The Pain of Furniture Delivery

I haven’t been the shop much this week due to my travels to South Carolina to make a delivery. To pack and load furniture for a lengthy trip can wear a guy out. A guy needs time to unwind and relax. If it wasn’t for the “fun in the sun”, great food in the evenings and good friends to make it all top tier, I’m not sure I would have made the trip.

To keep this post woodworking related I have loaded up a few photos of the walnut secretary that I delivered, but if you want to see what it really takes to unwind after a painful delivery, check out the quick video below. Life is tough!

12 Comments

Filed under Delivery

12 responses to “The Pain of Furniture Delivery

  1. Greg Jones

    Glen, that secretary is stunning-you do fantastic work!

  2. Derek Wolcottt

    Yup, feelin’ your pain. Beautiful piece. Congratulations.

  3. lou tucker

    A true master at work.Thanks for shareing Glen.

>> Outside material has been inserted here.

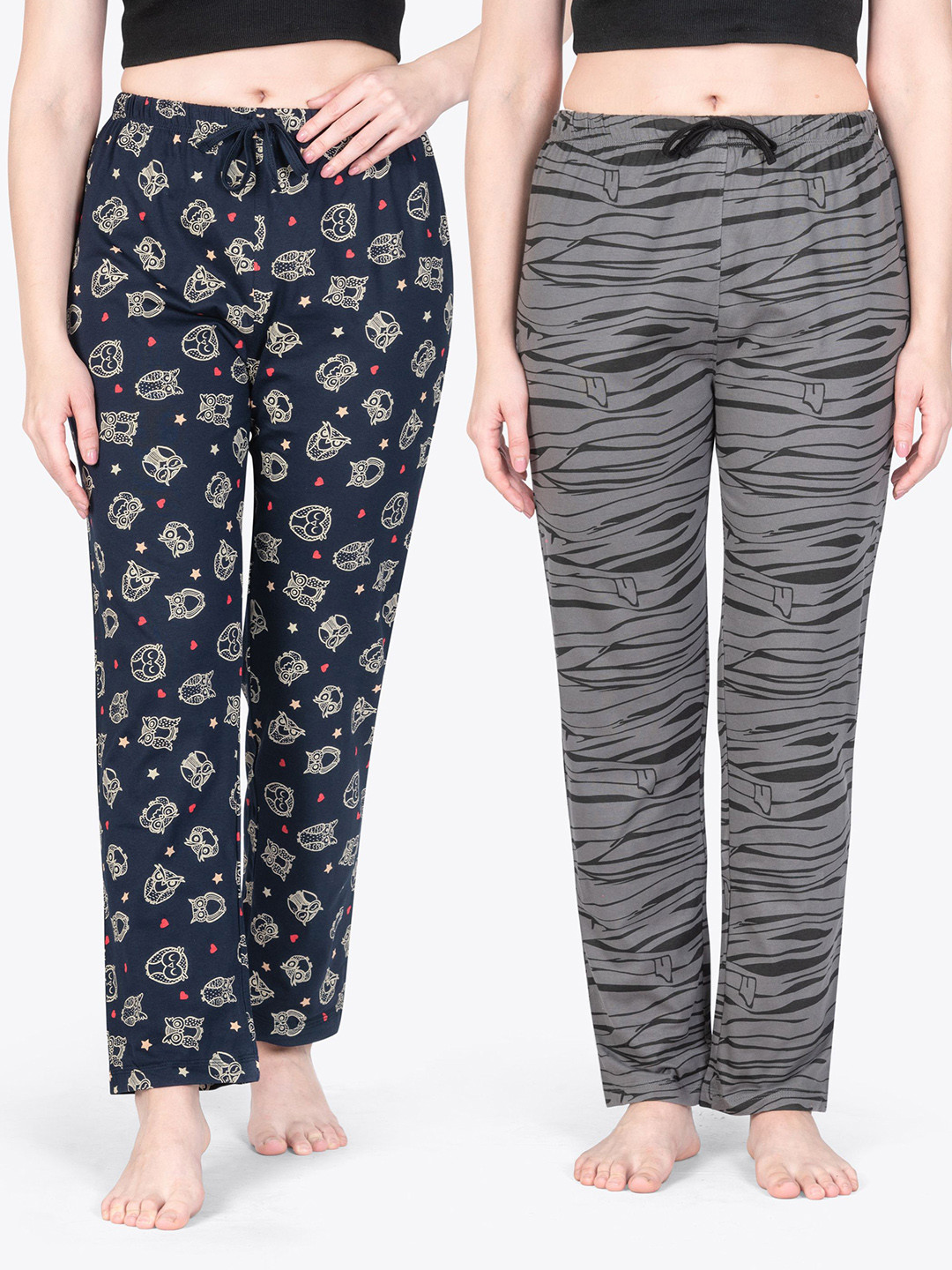 ariel Pack Of 2 Printed Pure Cotton Lounge Pants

  4. R&R well deserved. Beautiful piece of furniture.

  5. Stunning. Great color – well, all of it is great. My wife wants to know how long it took you to build it.

    • Jeff,
      Normally I could tell you an approximate number of hours, but with this piece cannot. I built a few pieces while this was under construction, so it sat in the shop without anything happening for days on end. Sorry. You’ll have to have your wife keep track as you build your version.
      Glen

  6. Paul

    Beautiful piece Glen. What are those three holes in the top section’s backboard for?

  7. fitzpatm

    Dayummmmm. That is sweet.

  8. Glen,
    I just found the threads on the secretary build… and I agree its fantastic!
    A few questions on the finish..
    Did you use pore filler on the walnut?
    How many coats of oil (i assume BLO) and top coat?

    and finally… is you back made from walnut or is dyed secondary wood?

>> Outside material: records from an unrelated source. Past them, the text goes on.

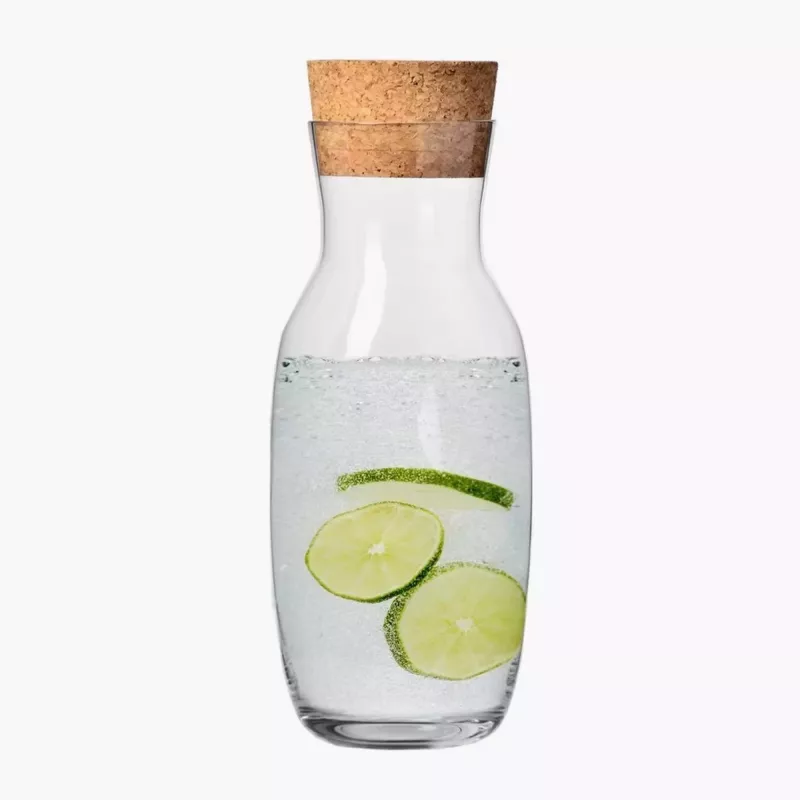 Karafka z korkiem naturalnym KROSNO PURE 1 l szklana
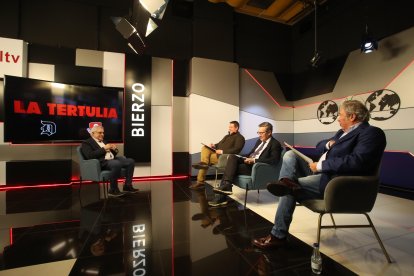 Torné, Germán Gavela y Domínguez, en la entrevista.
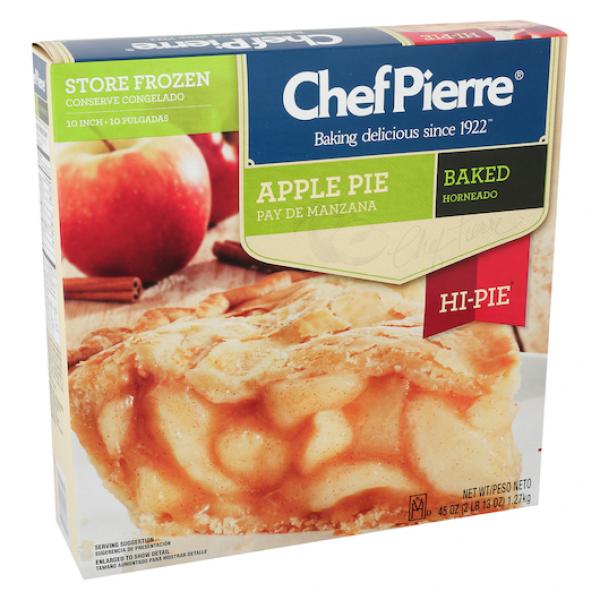 Chef Pierre Hi-Pie Pre-Bake 10" Apple Pie, 2.81 Pounds - 4 Per Case.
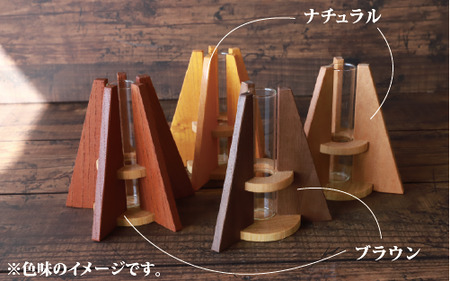 フラワーベース(一輪挿し) 大小セット さきやま木工 019-1682 花瓶 花瓶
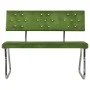Hellgrüne Samtbank 110 cm von vidaXL, Ess- und Küchenbänke - Ref: Foro24-325866, Preis: 96,06 €, Rabatt: %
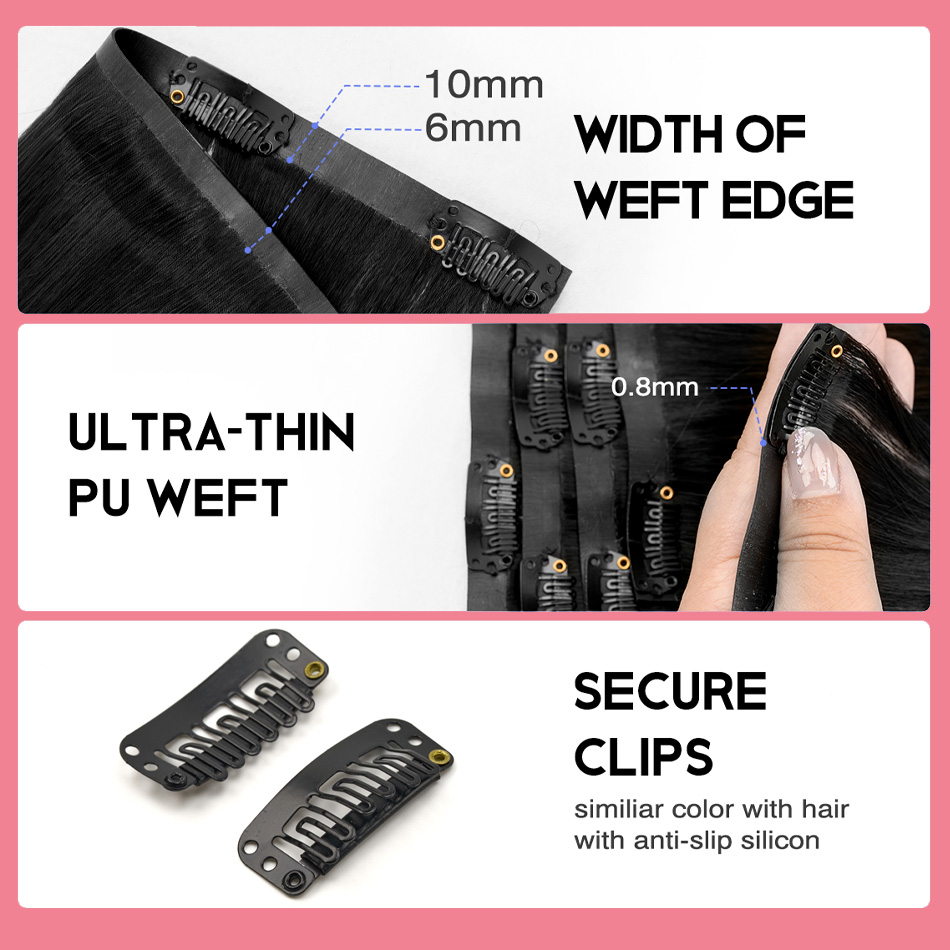 Seamless Clip in Hair Extensio - Seamless Clip In Hair Extensions Human Hair review and price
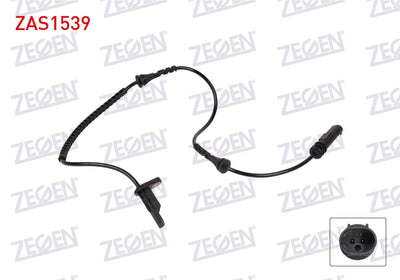Zegen ZAS1539 ABS Sensor Front Left-Right BMW 1 Series (F40) 19-/ 2 Series (F44 F46) 14-/ X1 (F48) 14-2 — Brake Sensors & ABS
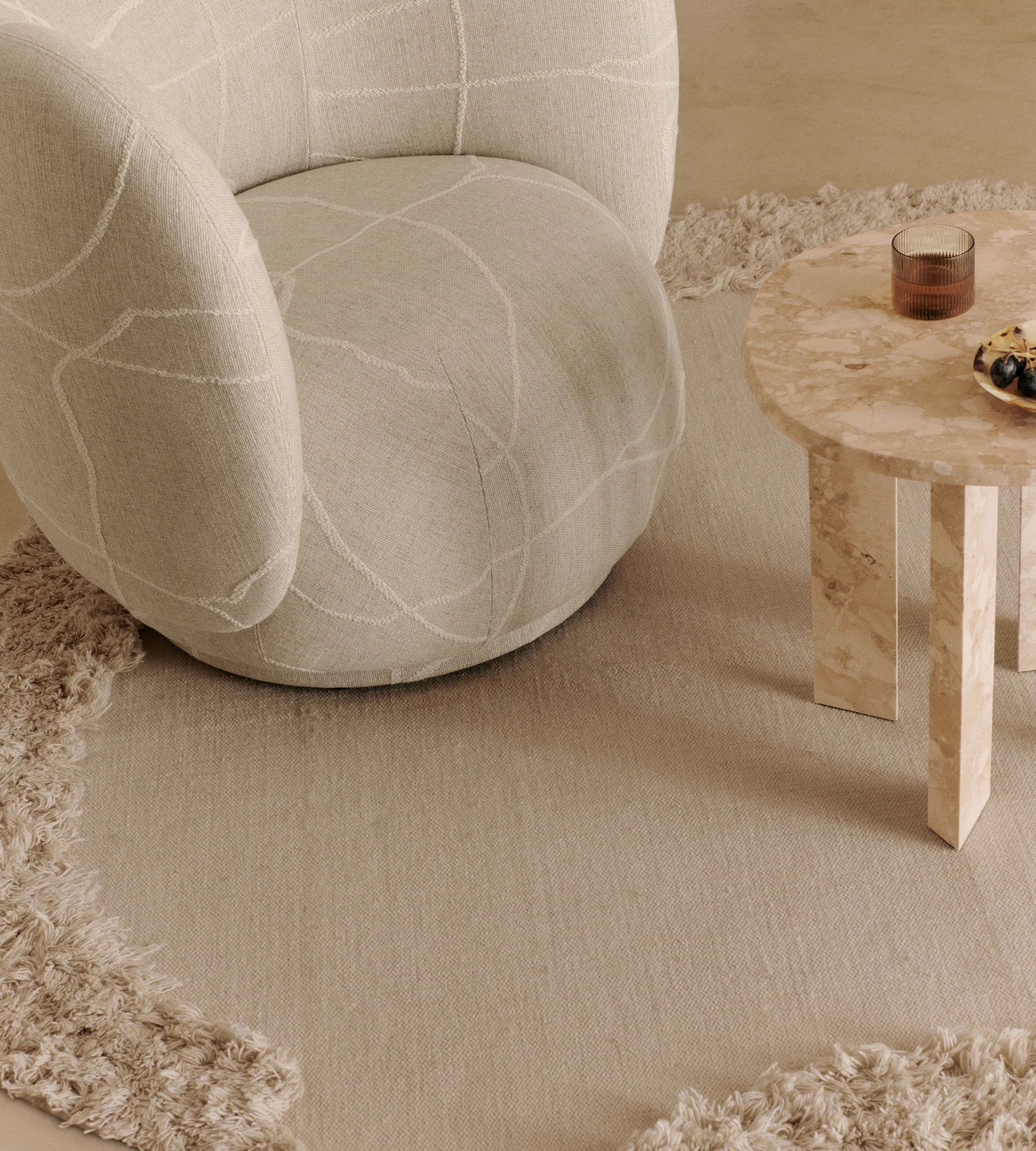 Sofa 3-osobowa RICO Can Lis piaskowy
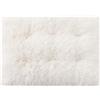 FANSU Cuscino per Cani Gatti, Cuccia Cane Interno Peluche Morbida e Soffice Cuccia Gatti Sfoderabile e Lavabile per Cani Taglia Grande e Media (S-55X40CM,Bianco)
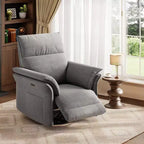 Fauteuil inclinable pivotant pour salon, en chenille ou en similicuir, avec accoudoirs double épaisseur ou incurvés, dossier rembourré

    • Gary, I do not like to use pore filler on my projects. My aim is to keep the finish as clear as possible – filler muddies the look. I apply a single coat of BLO and the number of topcoats varies. If I fill pores, I use extra coats of shellac. I also build my finish until I’m sure I can get a near-level surface. If I had to put a number on it I would say six to seven layers of sprayed topcoat. On this secretary I used walnut boards for the back of the bookcase section, but unfinished poplar for the back of the desk.